American Crime Story : O.J.Simpson, Versace et les autres …

Nous avons commencé la semaine dans la flamboyance de Pose, nous la terminons avec les ténèbres de American Crime Story. Point commun des deux séries, Ryan Murphy exhibe ainsi les visages de l’Amérique dans ce qu’elle peut avoir de plus beau et de plus terrifiant.

Conçu comme un spin off de American Horror Story, American Crime Story se situe encore dans le réel, mais n’en est pas moins atroce, loin de là. Il s’agit dans les différentes saisons d’aborder des grandes affaires judiciaires ou des crises sociétales d’envergure. Murphy et sa team attaquent fort en 2016 avec The People vs. O.J.Simpson, persistent avec The Assassination of Gianni Versace, enfoncent le clou avec Katrina, comptent bien creuser le sillon en traitant le scandale Clinton/Lewinsky. Vous l’aurez compris, il s’agit ici d’autopsier des dossiers saisissants, qui explosent le rêve américain de manière brutale.

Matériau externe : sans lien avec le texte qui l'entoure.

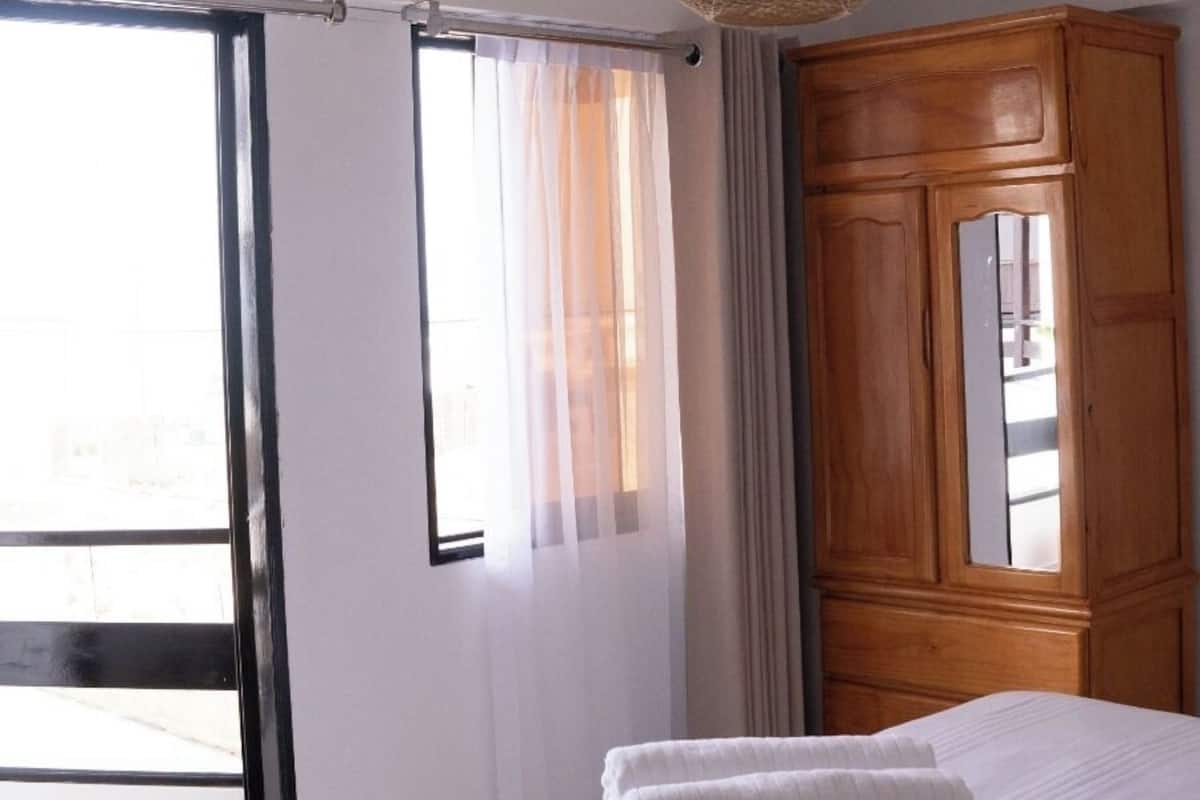 A hotel room with a bed, a wooden wardrobe, a large window with curtains, and a woven ceiling light fixture.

Chaque série, indépendante des autres, s’appuie sur l’adaptation d’un ouvrage, The Run of His Life: The People v. O. J. Simpson de Jeffrey Tobbin pour la saison 1, Vulgar Favors: Andrew Cunanan, Gianni Versace, and the Largest Failed Manhunt in U.S. History de Maureen Orth pour la saison 2, Five Days at Memorial de Sheri Fink pour la saison 3 à venir. Si la confrontation des points de vue y perd, le résultat demeure néanmoins spectaculaire et fortement secouant, car en adéquation avec la violence inhérente à chaque situation, le tout servi par un casting de choix (Penelope cruz, John Travolta, Sarah Paulson, David Schwimmer, Cuba Gooding Jr. …).

Avec The People vs. O.J.Simpson, c’est l’odyssée judiciaire de ce procès “du siècle” complètement fou qui est traité par le menu, laissant dans l’ombre le meurtre en lui-même ainsi que l’évolution de The Juice ; ce parti pris met volontairement en exergue le combat féroce mené par l’équipe du procureur contre celle des avocats de la défense, dans une passe d’armes d’une rare dureté où tous les coups sont permis. Tous y laisseront des plumes. Quant à The Assassination of Gianni Versace, on y évoque le parcours meurtrier de Andrew Cunanan en le mettant en parallèle avec celui de ses victimes, principalement la carrière du célèbre couturier italien qui fut son ultime proie.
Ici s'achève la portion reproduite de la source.